Normally when we go to our watering hole, BT’s, its all smiles. We know the bartenders, know the waitresses, and are occasionally rewarded for our patronage with a warm shot of house tequilla for free. Not tonight though. Even our most familiar bartender Todd has a grimace on his face when we come in during the sixth inning. He fills a pitcher of Keystone, hands us two mugs and forces a smile. McBournie and I sit in the semblance of a dining area that only a college “restaurant and fine dining” bar can offer. The game is on the big screen, it’s 4-3 New York, and we know were its headed, this is our fate as Red Sox fans. Doom. Elevated hope that eventually crushes even your will to want to even get up the next day. It’s sick that we get this way as fans, but we’re a different breed, and fate is a fickle broad.

We’ve come to watch our season end. It’s fitting that we’re ending this in a bar, ironic though that we’re about to be slapped with a pain that no amount of whiskey in BT’s can dull. Let’s just get this over with …

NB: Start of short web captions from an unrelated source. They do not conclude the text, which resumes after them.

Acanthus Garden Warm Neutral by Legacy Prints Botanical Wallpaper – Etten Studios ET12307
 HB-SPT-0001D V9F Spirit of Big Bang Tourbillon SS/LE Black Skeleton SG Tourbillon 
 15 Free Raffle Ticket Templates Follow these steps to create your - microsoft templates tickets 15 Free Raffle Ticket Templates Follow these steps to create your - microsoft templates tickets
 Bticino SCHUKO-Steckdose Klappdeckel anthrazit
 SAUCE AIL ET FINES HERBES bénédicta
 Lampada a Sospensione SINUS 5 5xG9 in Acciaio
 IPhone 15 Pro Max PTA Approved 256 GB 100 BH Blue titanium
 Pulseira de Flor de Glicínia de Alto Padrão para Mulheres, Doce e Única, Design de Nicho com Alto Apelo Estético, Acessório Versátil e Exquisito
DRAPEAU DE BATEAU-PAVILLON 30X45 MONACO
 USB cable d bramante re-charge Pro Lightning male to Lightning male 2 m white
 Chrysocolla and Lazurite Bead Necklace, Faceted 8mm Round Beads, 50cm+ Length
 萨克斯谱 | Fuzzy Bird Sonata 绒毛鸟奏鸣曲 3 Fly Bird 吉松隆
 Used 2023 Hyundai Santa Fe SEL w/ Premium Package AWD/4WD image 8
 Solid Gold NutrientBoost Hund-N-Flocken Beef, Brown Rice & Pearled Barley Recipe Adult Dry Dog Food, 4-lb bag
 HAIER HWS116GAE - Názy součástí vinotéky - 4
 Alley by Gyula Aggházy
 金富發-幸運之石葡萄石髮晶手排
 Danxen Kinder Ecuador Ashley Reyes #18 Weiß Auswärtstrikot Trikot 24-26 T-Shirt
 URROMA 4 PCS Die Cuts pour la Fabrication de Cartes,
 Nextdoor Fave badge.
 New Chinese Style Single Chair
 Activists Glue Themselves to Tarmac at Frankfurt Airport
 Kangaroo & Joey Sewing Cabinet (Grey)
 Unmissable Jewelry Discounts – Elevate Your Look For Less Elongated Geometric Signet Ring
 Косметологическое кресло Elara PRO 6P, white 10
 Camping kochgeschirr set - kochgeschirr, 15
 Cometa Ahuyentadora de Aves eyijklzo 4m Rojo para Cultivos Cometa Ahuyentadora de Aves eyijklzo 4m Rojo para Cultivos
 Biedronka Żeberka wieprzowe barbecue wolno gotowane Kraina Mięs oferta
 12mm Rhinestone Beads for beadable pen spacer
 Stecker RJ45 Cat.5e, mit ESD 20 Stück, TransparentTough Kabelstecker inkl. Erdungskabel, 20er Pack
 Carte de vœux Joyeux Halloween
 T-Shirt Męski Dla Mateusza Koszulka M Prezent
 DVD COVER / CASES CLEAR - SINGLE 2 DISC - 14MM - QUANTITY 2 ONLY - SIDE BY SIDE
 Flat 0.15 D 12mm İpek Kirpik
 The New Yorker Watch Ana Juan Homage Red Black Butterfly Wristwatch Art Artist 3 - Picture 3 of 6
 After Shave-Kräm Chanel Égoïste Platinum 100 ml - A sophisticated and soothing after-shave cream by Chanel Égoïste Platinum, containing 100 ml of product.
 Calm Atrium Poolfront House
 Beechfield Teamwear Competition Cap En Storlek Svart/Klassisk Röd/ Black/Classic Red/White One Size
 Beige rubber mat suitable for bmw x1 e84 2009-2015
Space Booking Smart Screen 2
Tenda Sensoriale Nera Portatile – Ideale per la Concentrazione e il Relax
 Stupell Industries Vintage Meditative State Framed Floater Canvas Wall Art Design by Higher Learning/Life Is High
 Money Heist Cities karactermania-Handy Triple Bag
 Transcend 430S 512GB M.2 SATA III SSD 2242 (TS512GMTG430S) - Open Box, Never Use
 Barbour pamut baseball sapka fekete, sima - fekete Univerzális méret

You see, that night I fully expected McBournie and I to go back to our respective apartments with our Red Sox getting swept in the ALCS despite all the promise that this might be “our year.” It wan an abysmal sight, pathetic really. And the unseasonably cold weather was no match for the death we already felt inside. But something magical happened that night, something that only over four hours of playoff baseball and god knows how many pitchers of Keystone can create: our faith was rewarded and our hope was restored.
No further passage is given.